Questa è…questa è…urtna pessima idea!

Il signore desidera?
Il ragazzo era entrato nella libreria deserta di un torrido pomeriggio estivo, e si guardava attorno cercando di capire di dove provenisse la voce che gli aveva appena parlato. Le mani erano affondate nelle tasche della giacca a vento, e portava un berretto nero che gli avvolgeva la testa fin quasi a coprirgli il viso.
Buongiorno signore – ripeté la voce – posso aiutarla? – E da dietro il registratore di cassa qualcosa si mosse. Di lì ad un secondo spuntò un omino di un metro e mezzo scarso, che fissò sul suo viso un paio di occhietti neri allegrissimi.
Cercava qualcosa in particolare?
Si !- fu la risposta decisa.
L’omino s’illuminò. – Ma che bello, finalmente un giovane che dimostra un chiaro interesse alla lettura più che ai videogame e ad internet, non sa che soddisfazione sia per me. Gli unici che entrano nella mia libreria hanno certe facce sa, sono per lo più studenti in cerca dei testi per gli esami, e si capisce benissimo che potendo eviterebbero volentieri di metter piede qui dentro – e gli strinse energicamente la mano.
Ma cosa sta facendo!
Scusi l’entusiasmo sa, ha ragione, è che quando incontro una persona come lei non riesco a controllarmi, sono troppo contento. E mi dica, cosa legge di solito, che genere preferisce, i classici?…Ma no mio Dio, cosa vado dicendo – esclamò nascondendosi il viso tra le mani e ridendo – che stupido sono, lei è ancora un ragazzo, sicuramente leggerà autori moderni, libri gialli o storie di spionaggio. Oppure … – e si fermò un attimo guardandolo intensamente negli occhi.
Il ragazzo pensò che aveva davanti l’essere più strano che avesse mai conosciuto, e che non c’era momento migliore di quello. Strinse forte la mano sul calcio della pistola pronto a tirarla fuori, quando un colpo lo fece sobbalzare. Il piccolo libraio aveva sbattuto forte le mani tra loro in un gesto di esultanza. – Ma certo, i fumetti! Venga venga – disse trascinandolo – Ho un intero scaffale del mio negozio dedicato a questo genere, non le nascondo che sono la mia passione nascosta. Non dovrei dirlo sa, col lavoro che faccio, ma davanti a questi volumi, a queste strip, divento come un bambino in un negozio di giocattoli. Senza parlare degli Hentai giapponesi, mi fanno letteralmente impazzire! – aggiunse maliziosamente strizzandogli l’occhio.

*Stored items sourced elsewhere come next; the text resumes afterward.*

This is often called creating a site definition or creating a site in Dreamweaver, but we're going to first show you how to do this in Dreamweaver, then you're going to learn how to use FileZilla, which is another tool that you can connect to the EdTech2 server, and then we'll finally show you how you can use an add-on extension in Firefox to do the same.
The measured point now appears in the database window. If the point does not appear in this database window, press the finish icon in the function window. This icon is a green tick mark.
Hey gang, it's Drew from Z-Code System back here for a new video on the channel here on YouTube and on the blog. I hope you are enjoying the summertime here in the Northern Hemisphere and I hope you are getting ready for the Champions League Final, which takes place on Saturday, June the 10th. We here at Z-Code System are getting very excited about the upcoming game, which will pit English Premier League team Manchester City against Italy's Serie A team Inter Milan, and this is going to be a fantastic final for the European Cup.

Il ragazzo lo guardava confusissimo, cercava di raccapezzarsi, di pensare cosa fare, di dirlo finalmente «Questa è una rapina!» ma si sentiva ingessato. Iniziò a balbettare e il libraio, vedendolo così rosso in viso, paonazzo per la collera, si avvicinò a lui preoccupato.
Ragazzo mio ma lei non sta bene. Del resto, con una giornata così calda come fa ad andarsene in giro con un berretto così pesante. Si sieda qui – e gli indicò una sedia proprio vicino al registratore di cassa – Le porto un bicchiere d’acqua?

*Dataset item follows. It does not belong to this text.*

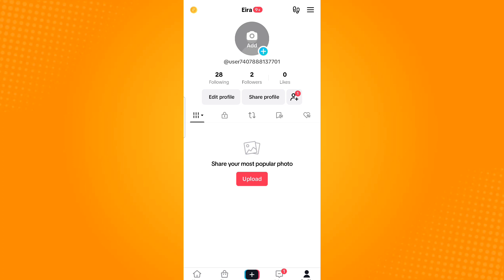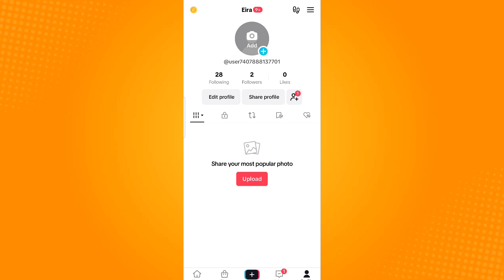Beside the six vertical bars icon, there is a drop-down arrow button — tap that button. It will provide you two options: Latest and Popular. By selecting Popular, it will sort your videos from your most popular videos to least popular videos.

Il ragazzo si divincolò dalla stretta rassicurante dell’omino. – Vuol lasciarmi stare una buona volta!
Scusi tanto sa, lei ha perfettamente ragione, mi spiace. Me lo dicono spesso anche gli amici che sono un po’ invadente e non lascio spazio agli altri. Specialmente quando una cosa mi entusiasma attacco a parlare e non la smetto più. Lo so che è così, mi dico che non lo faccio più, che voglio smettere, imparare a controllarmi, lasciare spazio agli altri ma niente, ci ricado ogni volta. È come una maledizione, una cosa più forte di me. Parlo, parlo parlo e non la smetto più, non c’è cosa che possa fermarmi…

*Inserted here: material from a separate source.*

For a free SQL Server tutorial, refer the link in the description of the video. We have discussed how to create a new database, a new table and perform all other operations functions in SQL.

E in quel momento il ragazzo, fuori di sé, tirò fuori la pistola e la puntò contro il viso dell’omino, che superato rapidamente un primo istante di assoluta sorpresa esplose in una fragorosa risata, gettando le mani in avanti nell’impeto e finendo quasi addosso al ragazzo, sempre più confuso ed agitato.
Non m’importa niente di lei e dei suoi amici, e mi tolga le mani di dosso! INSOMMA BASTA! – urlò ormai fuori controllo, provocando il riso ancora più irrefrenabile del libraio. Si sentì mancare e decise che doveva andarsene subito da lì. Si ricacciò la pistola in tasca e si lanciò verso la porta che si richiuse con gran fragore alle sue spalle.
Che strano ragazzo – mormorò il libraio una volta recuperata la calma – chissà perché e scappato via a quel modo. E non m’ha neanche detto cosa stava cercando. Spero che torni, era così simpatico.